1966 brought another, better and more successful, re-teaming with Doris Day in The Glass Bottom Boat. Filmed partly on and around Catalina Island, he played a research scientist who becomes involved with Day just as she is being investigated by an overzealous security chief (played memorably by Paul Lynde) as a potential Soviet spy! This second pairing of the stars revealed a more relaxed and comfortable chemistry between them and the movie took in double its budget.
He played the lead in an all-star adaptation of a popular Arthur Hailey novel in 1967's Hotel. As Peter McDermott, manager of the (fictional) St. Gregory Hotel in New Orleans, Louisiana, he was acting alongside most of the other performers including Melvyn Douglas, Karl Malden, Kevin McCarthy, Catherine Spaak, Michael Rennie, Merle Oberon and Merle Oberon's hair. Years later, James Brolin would play the same part in the successful TV series Hotel (1983-1988.)
Taylor, now thirty-seven sought to augment his image to that of a more rugged, adventuresome type and to that end began to produce his own film projects. First up was Chuka (1967), a western about troubled souls at a remote army fort that is in danger of attack from Arapahoe Indians. With a cast that included Sir John Mills, Ernest Borgnine, James Whitmore and Luciana Paluzzi, it promised a bit more than it delivered, was perhaps more trouble than it was worth and, in the end, Taylor chose not to produce again. Certainly, that awful title didn't help (which was pronounced “Chuck-a.”)
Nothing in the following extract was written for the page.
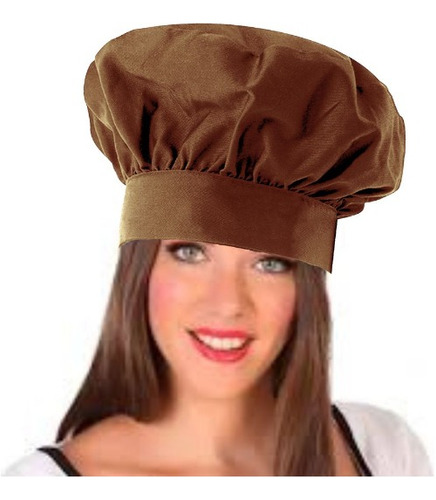 Gorro Chef Champiñón 100% Drill Protex Uv En Gorro De Cocina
A truly great adventure film was next in line for him, though, with Dark of the Sun (1968.) He played a mercenary hired to head into the Belgian Congo in order to rescue the mostly European residents of a remote town. He's been hired to do that, but actually has his eye on $50 million worth of diamonds that are located in a mining company's vault. Along on the mission are his old buddy, the towering Jim Brown, an alcoholic doctor Kenneth More and a vicious former Nazi (Peter Carsten) who provides expert skill in performing the tasks at hand.
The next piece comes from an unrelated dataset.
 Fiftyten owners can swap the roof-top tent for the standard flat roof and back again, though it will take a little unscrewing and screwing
Things hit a snag when the train the rescuers are on (which has already picked up recent widow Yvette Mimieux, by now a star in her own right) is delayed in order for the time-locked safe to be relieved of its diamonds. This allows Simbanese rebels the chance to descend upon them in a grisly attack. Later, an infamous fight involving a chainsaw raised eyebrows among critics and audiences.
Once again and for the final time, Taylor was directed by Jack Cardiff, whose terrific career as a cinematographer ensured that the movie had strong visual appeal along with its exciting story. Though the movie was compelling and impressively vivid, it was lambasted at the time for its depiction of violence and torment (some of it sexual in nature.) This makes viewing the film now a somewhat startling occasion since it was much ahead of its time on such counts. Martin Scorsese and Quentin Tarantino are but two of the current directors who have cited the movie as a favorite (and Cardiff proclaimed that the violence and savagery he depicted was but a sixteenth of what was actually occurring in that area at the time.)

In 1968's Nobody Runs Forever he played an Australian policeman in London to bring Christopher Plummer (the Australian High Commissioner, The High Commissioner later serving as a re-title of the movie) back to face a recently-discovered twenty-five year-old murder charge. Plummer brooks no resistance, but requests a delay of a few days because of some sensitive peace negotiations set to take place. The glamorous cast also included Lilli Palmer, Camilla Sparv, Daliah Lavi and Daliah Lavi's hair. (Make no mistake, I LOVE the 1960s' hair that Lavi and, earlier in this post, Oberon were sporting!)

His last film of the year was The Hell with Heroes, an African-set WWII drama that paired him with curvaceous beauty Claudia Cardinale and also starred Harry Guardino, Kevin McCarthy (of Hotel) and Peter Duel. The inexpensively mounted film took advantage of a contract with Universal he'd signed in 1962, promising one more picture and is rarely screened in the U.S. today.

He managed to get involved with director Michelangelo Antonioni (then white-hot from Blowup, 1966) in his next enterprise, the one and only film Antonioni made in America, Zabriskie Point, but the protracted project, riddled with issues, didn't see release until 1970 and was a massive failure. It cost $7 million and brought in $1 million. Only many years later did some folks begin to appreciate the cinematography and use of music, but no one has really ever expressed any appreciation for the storyline or the acting, involving sexy teens and a stolen airplane in the Arizona desert.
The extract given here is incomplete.